The best treats my cats get is cooked chicken, they all go mad for it


----------



## mummiesofRio (Oct 25, 2009)

hmm that's one of the very few things we haven't tried! thank you for that idea


----------



## Spearmint (Sep 15, 2009)

i will 2nd cooked chicken as treats


----------



## GeordieBabe (Apr 7, 2009)

all cats love ham ,well all mine have or crab sticks they go berserk for them


----------



## thedeans (Apr 8, 2009)

defo ham - mine love it and make a bee line for fridge everytime I get the ham out


----------



## hayleyb (Feb 10, 2009)

sheldon loves prawns and tux loves ham.

you jst have to find somethin he does like but that you dnt give to him alot.


----------



## mandandruby (Jun 16, 2009)

yeah my cats go nuts for human food.. especially cheese!! I could probably pursuade my cat to do the washing up with a bribe of cheddar!!


----------



## mandandruby (Jun 16, 2009)

But i have to ask.. why will he have to go on a lead??


----------



## PrincessDobbie (May 16, 2012)

My cat is the exact same, exceot I've been trying for 8 months, even dried pure fish, tuna, chicken, red meat, not even wet food is good enough for him!
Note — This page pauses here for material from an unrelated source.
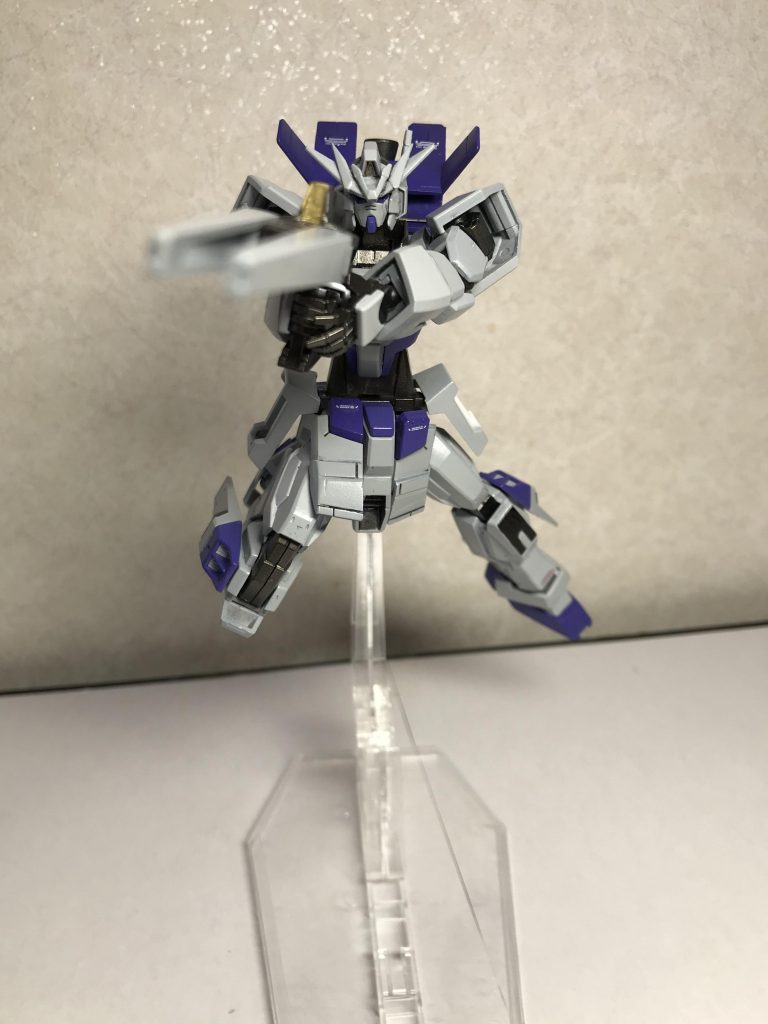 精密射撃で！縦だった砲身が横に向く事でチャージできその火力はグランサのグラストロランチャーと同等の威力がでるが連続して撃つとバレルが破損する。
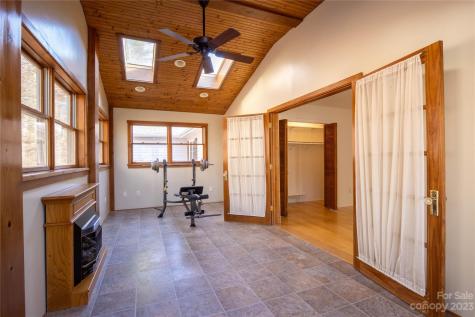 115 Pat V Eller Lane Newland NC 28657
Once he did eat shrimp, and I thought I had it but the next time I went to give it to him he sniffed it and walked off. He just doesn't like anything except for his food, not even "kitten milk"! I have no idea what to do anymore, and I need him to start responding to me, especially with "come".


----------



## aussieguy (Nov 13, 2014)

Is the best suggestion to keep trying different random things? My little ragdoll kitty is and a half old now and we've never been able to find anything we can use for training her.

I've pretty much given up and think that I'll never be able to train her to sit on my lap and be a happy little lap kitty that loves pats.


----------